Tiens, ce duo est rennais. Premier bon point pour ces Malade[s] créateurs d’un univers captivant, à base d’électro dépaysante, animée, spontanée, ornée par une clarinette (celle de Louise Goupil), l’élément féminin d’une paire s’étant rencontrée il y a déjà 10 ans), et vivifiée par l’ornement de Tanguy Moaligou, son acolyte et parfait complément, ici, sur le plan musical. Le tout de manière aventureuse, dépaysante et inventive au point qu’à l’issue, on n’en ressortira pas sans dommages…positifs pour la santé mentale, à la fois malmenée et transcendée.

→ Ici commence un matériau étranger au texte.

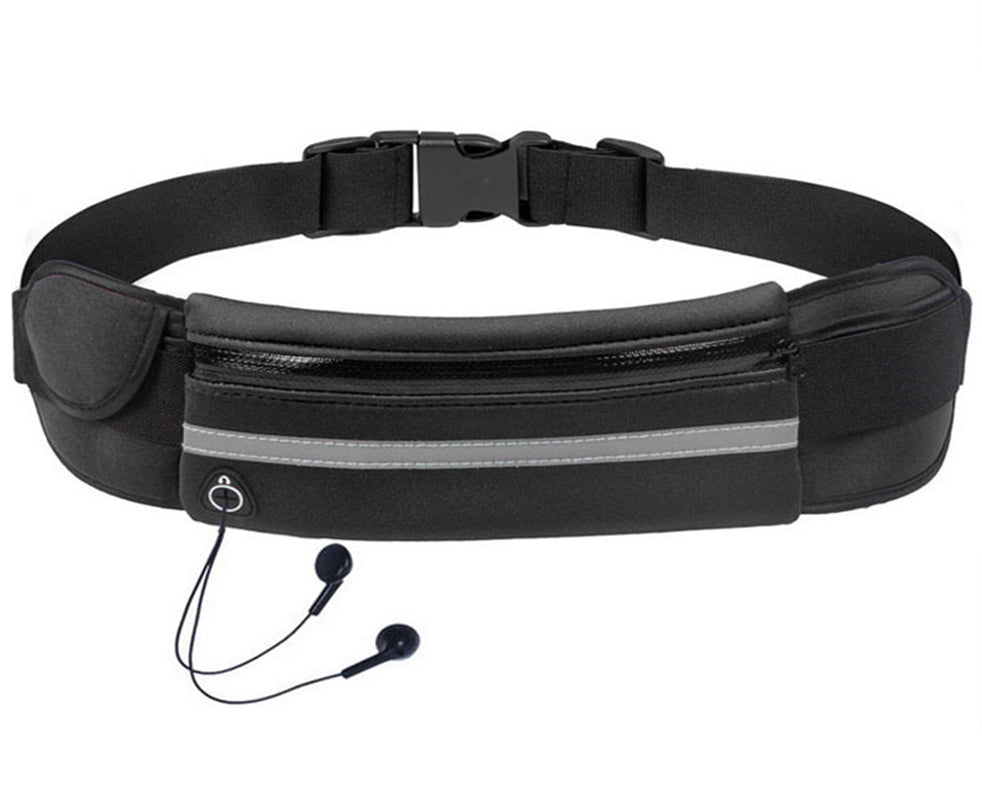 Expandable running pouch with universal phone compatibility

Car Malade[s], pluriel dans ses activités, large dans sa vision, a d’ores et déjà réussi à créer un univers. Lequel, me direz-vous? Le sien! Et ce Toute chose invisible à la fois trip-hop, rock acéré mâtiné de techno (Struggle, excellent), unique et sans plan par trop défini à l’avance, transporte. Pour cela, il n’attend pas. Son Toute chose visible qui donne son nom à l’essai, premier morceau d’un album de six titres voyageurs, nous fait quitter nos bases et notre zone de confort. Ses voix samplées amènent un côté cinématographique qui se couple joliment au trip généré par la musique. Endless nights suit, Malade[s] n’en est pas à son premier essai et déjà, il subjugue. Le morceau, lui aussi, nous emmène dans un ailleurs. Trip-hop, jazzy, il souligne la parfaite alchimie entre les deux membres de la paire, passionnante.

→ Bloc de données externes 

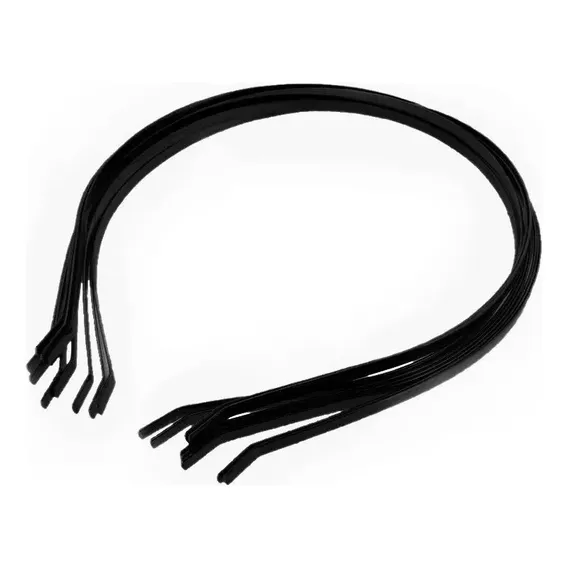 10 Pçs Tiara De Metal P/ Tubos De Strass Preto 5mm Foto 1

Si la rondelle s’intitule Toute chose visible, Malade[s] nous guide avant toute chose vers du jamais vu. Du jamais entendu aussi, comme l’est ce Sur ce chemin noir à la pulsation électro qui nous embarque. Le disque, à la prise de risques qu’on saluera, trouvera peu d’équivalents. Vivant et trépidant, il constitue une trouvaille sans failles. Rude et raffiné, il permet, aussi, de fuir une réalité que seul le son, parfois, souvent, peut atténuer. Hibou, qui narre un drame ayant réveillé des blessures liées à la disparition de proches, assied de façon rédhibitoire le style de ces Malade[s] loin d’être fades.
Plus loin, le Struggle précédemment décrit étaye le rendu avec brio. On est de toute façon déjà prisonnier, déjà pris dans le périple expérimental de ces Malade[s] à la santé mentale ici très porteuse. Bang!, dernier effort d’un objet fort et évocateur, livrant une ultime transcendance sensorielle sans retour garanti, qui nous fera décoller, tutoyer les cieux et fermer les yeux, au terme d’un album magistral.